De bedoeling van het dragen van kleding tijdens de examens is te laten zien dat de kandidaat met dagelijkse kleding aan zichzelf kan redden, wanneer ze onverwacht in het water terecht komen. De kledingkeuze is gebaseerd op de kleding die tijdens normale dagelijkse bezigheden buiten wordt gedragen en is afgestemd op ons Nederlandse klimaat. Vandaag de dag is het dragen van een legging ook dagelijkse kleding en dus toegestaan.
Schoenen met een echte zool is de minimale eis. Plastic-, leren-, katoenen- en sportschoenen zijn toegestaan, mits ze dus een echte zool hebben.

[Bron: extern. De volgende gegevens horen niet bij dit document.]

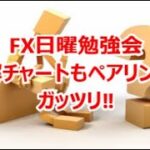 FX日曜勉強会 難解チャートもペアリングでガッツリ‼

Pantoffels en schoenen zonder echte zool, zoals slippers of surfschoentjes zijn NIET toegestaan. Het beste is om de kinderen een schoen te laten dragen waarmee ze normaal ook naar school gaan en mee gaan spelen.
KLEDINGVOORSCHRIFTEN PER DIPLOMA
Zwemdiploma A en B (er is geen verschil tussen A en B)
De kleding bestaat uit: een lange broek, een shirt of blouse met lange mouwen en schoenen (zoals hierboven omschreven).
Zwemdiploma C
De kleding bestaat uit: een lange broek, een shirt of blouse met lange mouwen en schoenen (zoals hierboven omschreven) en een jas.